Pasadena bike share bikes
Staffers say the city only has money to keep the bike service running until the end of the month.
Philip Pilosian | Shutterstock

Only a year after Metro’s bike share initiative launched in Pasadena, the city is looking to put a halt to the program—as soon as the end of the month.

In a report prepared for the city’s Municipal Services Committee, transportation staffers indicate that the city’s bike share budget will only be enough to keep the service up-and-running through the end of July.

The city agreed to a two-year contract with Metro in 2016 that expires at the end of October. But Pasadena may back out of the deal early, citing unforseen costs and lower-than-expected ridership.

The bike share system attracted more than 10,000 users in each of its first two months, before ridership plummeted to less than 4,000 in December. Since then, the numbers have been slowly improving, but not to levels needed to cover the city’s maintenance and operation expenses.

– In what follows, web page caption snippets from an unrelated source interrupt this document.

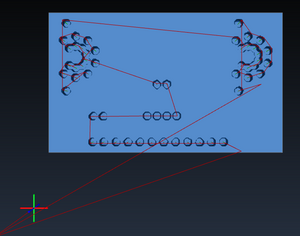 Снимок экрана от 2023-07-28 21-23-17.png (5408 просмотров) <a class='original' href='./download/file.php?id=208458&mode=view' target=_blank>Загрузить оригинал (41.35 КБ)</a>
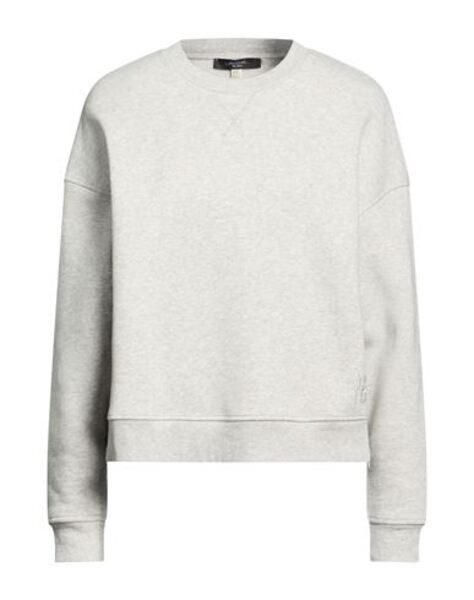  Weekend Max Mara - Camisetas Y Tops - Sudaderas - On Yoox.com 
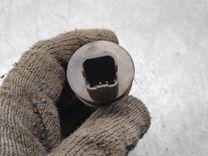 Насос (моторчик) омывателя стекла OR04G5 Renault Clio - Фото 2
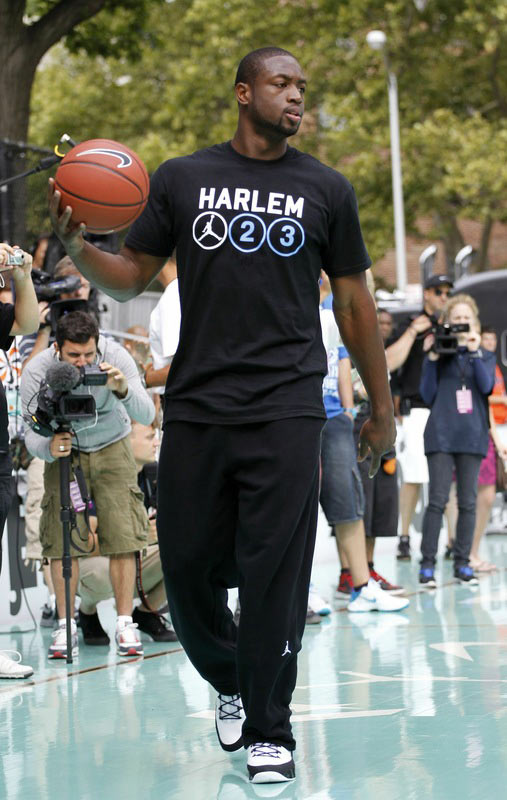 近身容错极 近身容错极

Even with fare revenue factored in, the city spends nearly $100,000 per month to keep bikes in good working condition, according to the report.

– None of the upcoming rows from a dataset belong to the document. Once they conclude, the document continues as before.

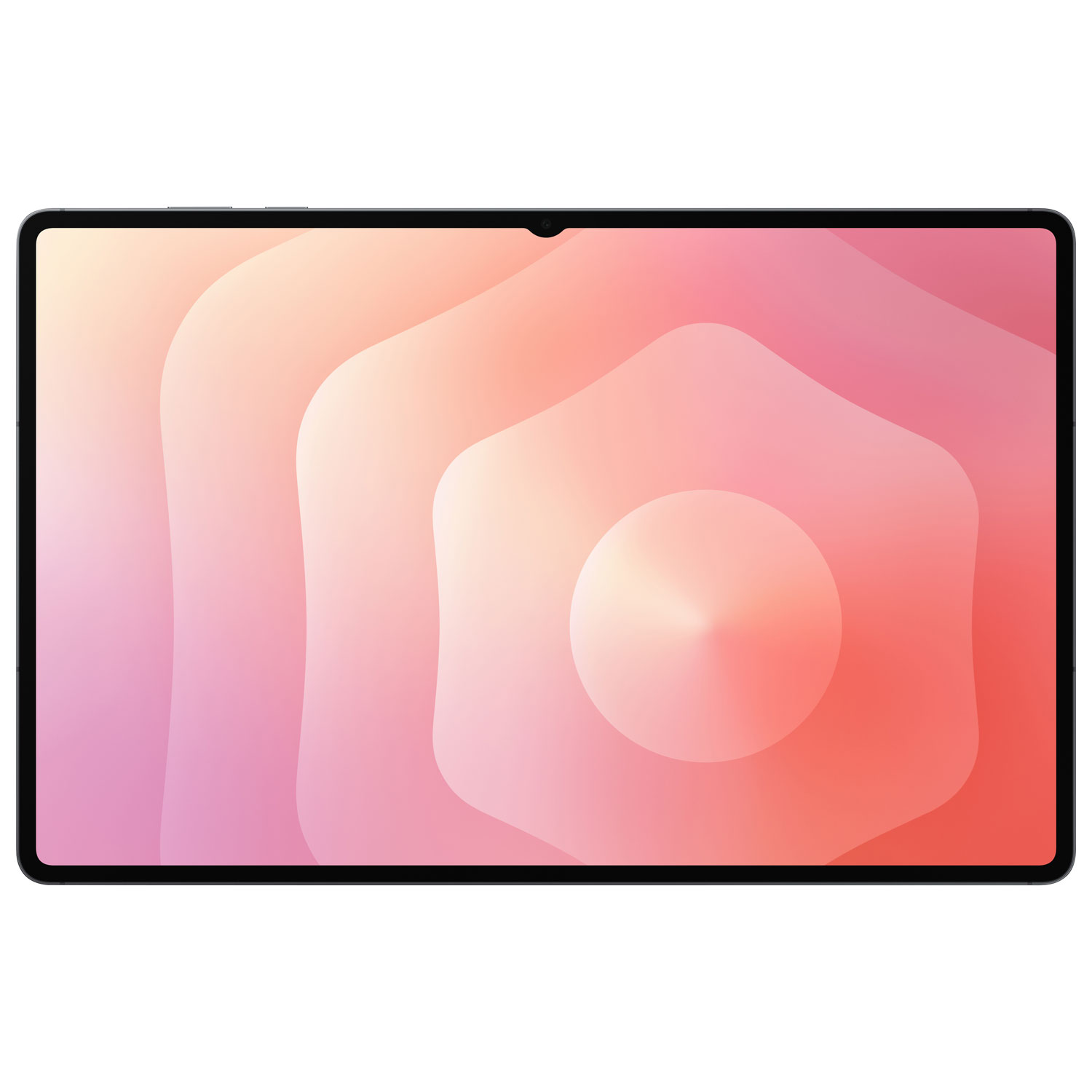 Tablette Galaxy Tab S11 Ultra 14,6 po 256 Go Android de Samsung avec processeur D9400+ - Gris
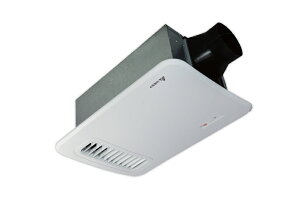 台達電 多功能 浴室暖風機 浴室乾燥機 經典375遙控型 220V (桃竹苗區提供安裝服務,非標準基本安裝,現場報價收費)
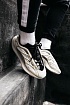 Кроссовки Adidas Yeezy Boost 700 V3 "Azael"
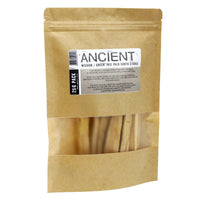 Green Tree - Palo Santo 25g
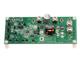 Analog Devices ADP1853-EVALZ
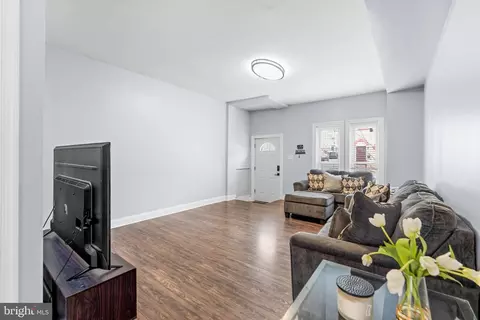 Other - 1713 E Lafayette Ave, Baltimore, MD 21213 photo 3 of 16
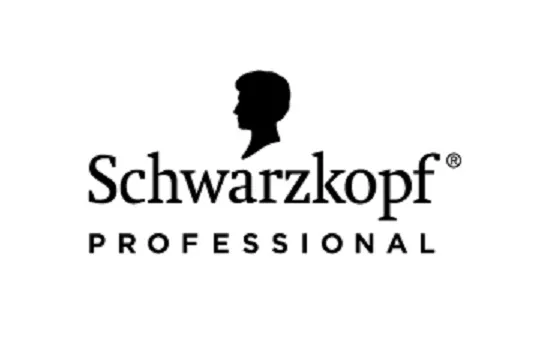 Schwartzkopf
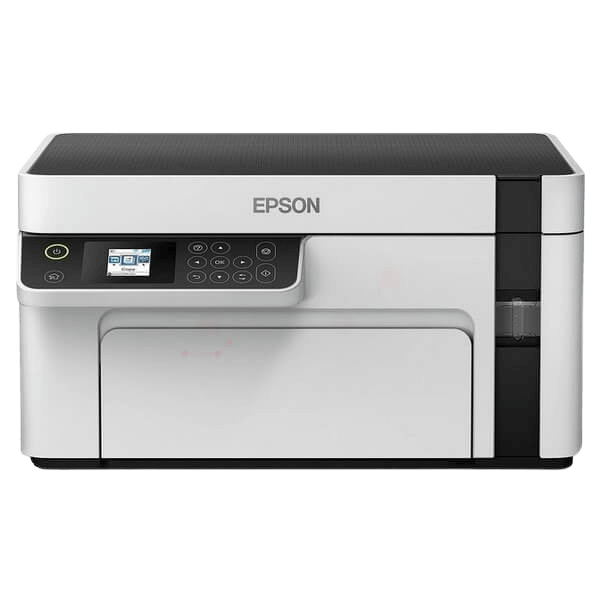 Epson EcoTank M 2120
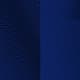 bleu indigo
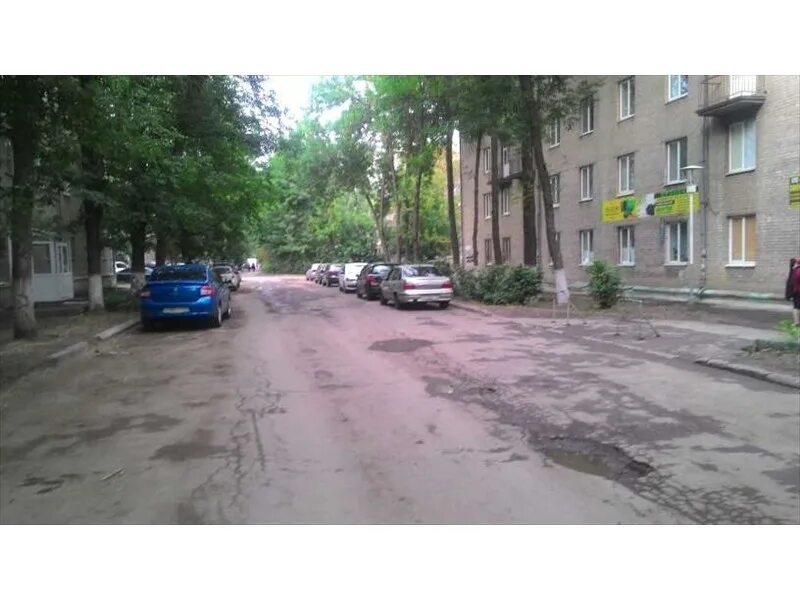 самара 2 безымянном переулке дом 1. подшипниковая 8 самара. безымянный район самара. безымянный переулок д1 самара. 1-й безымянный переулок 1 самара.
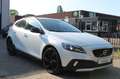 Volvo V40 Cross Country 1.6 T4 Summum Leer Xenon Pano Clima Cruise! Wit - thumbnail 2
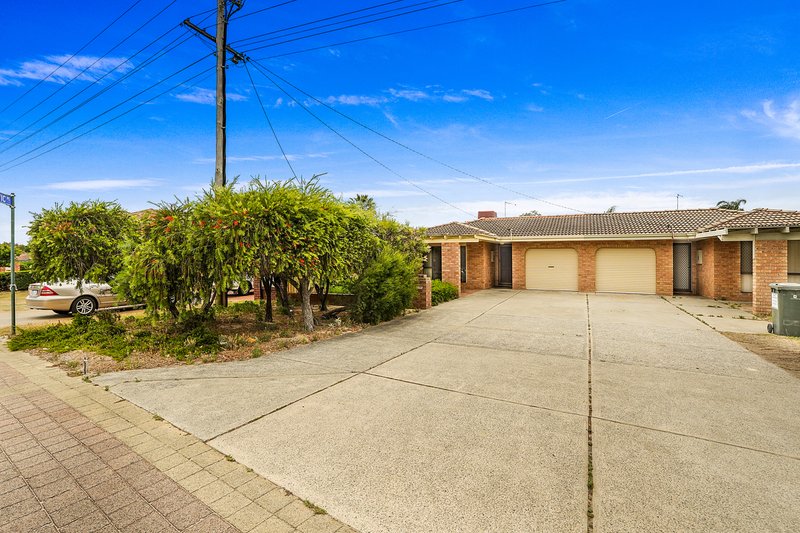 24A Cedric Street, Stirling WA 6021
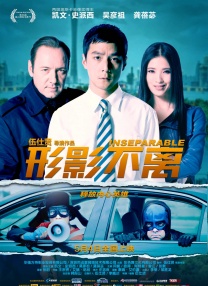 赤兔最新gay一chinese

Previous reports also highlighted the low ridership numbers and suggested the city would exit the bike share program once its contract with Metro expires.

But now, Pasadena’s transportation department plans to let Metro know Wednesday that the city will leave the program early.

That could open the door for privately funded bike sharing services to set up shop in Pasadena. The city’s transportation department is also considering new regulations on dockless vehicles, which are popping up all over Los Angeles and the country.

Those rules would need to be fleshed out in coming months, but transportation staffers suggest that they would be similar to those established recently in Santa Monica and those now being considered by the city of Los Angeles.

Meanwhile, Metro continues to expand its bike share system into new areas, with lower fares to entice more riders. By next year, the agency expects to install nearly 80 new stations with around 700 rentable bikes.